The dark side of the current White House was on full display last week when top officials of the Bush administration took to the airwaves to destroy the credibility of a man who had honorably served presidents Reagan, Clinton and both Bushes.
The character assassination of Richard Clarke, the former White House anti-terrorism chief, was far more worrisome than Nixon's smears of Dean because it concerned not petty crime in pursuit of partisan political ambition but rather the attempt to deceive the nation and the world as to the causes of the 9/11 assault upon our national security -- and to justify an unnecessary war in Iraq.

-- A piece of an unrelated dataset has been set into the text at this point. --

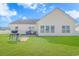 Backyard with outdoor seating, a gas grill on a brick patio, lush green grass, and nice windows at 256 Maple Oak Dr., Conway, SC 29526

First, Bush's aides suggested that Clarke had invented the meeting in which Clarke said the president pressured him to find a link between the 9/11 attack and Iraq, ignoring Clarke's insistence that intelligence agencies had concluded that no such link existed. But on Sunday, national security advisor Condoleezza Rice was forced to admit that Bush had pressed Clarke on an Iraq connection. This backed up earlier assertions by former Treasury Secretary Paul O'Neill as to Bush's obsession with Iraq from the very first days of his administration at the expense of focusing on Osama bin Laden and Al Qaeda.
That the Bush lies didn't work this time may be because just too many veterans of the U.S. intelligence community are finding their voices and are willing to denounce an administration that has seriously undermined the nation's security.
They are speaking out, as 23 former CIA and other defense intelligence agents did in Robert Greenwald's devastating documentary, "Uncovered." They have stepped forward, as did David Kay, Bush's former chief weapons inspector in Iraq.
This is an administration that has been dominated by the neoconservative ideologues who condemned the logical restraint of the first Bush administration on foreign policy as a betrayal of the national interest.
These neocons have made a horrible mess of things, but that gives them no pause. They went to war with a nation that had no weapons of mass destruction and few connections to terrorism -- but have coddled Pakistan, which sponsored the Taliban and Al Qaeda and which recently was revealed as the source of nuclear weapons technology for North Korea, Iran and Libya.
The president's team is wrong to believe its outrageous lies can continue to lull a gullible public. Nixon's lies won him a second election, but then he lost the country.
Bush smiles better than Nixon, but when the lies are exposed, the smile turns into a character-revealing smirk. That happened last week when the White House released photos of a skit, performed for the amusement of jaded media heavyweights, in which the president pretended to look under his desk for the missing weapons of mass destruction. This may have amused his cynical audience, but to the general public, the carefully lip-synced policy pronouncements of the man who cried wolf has morphed into a sick joke.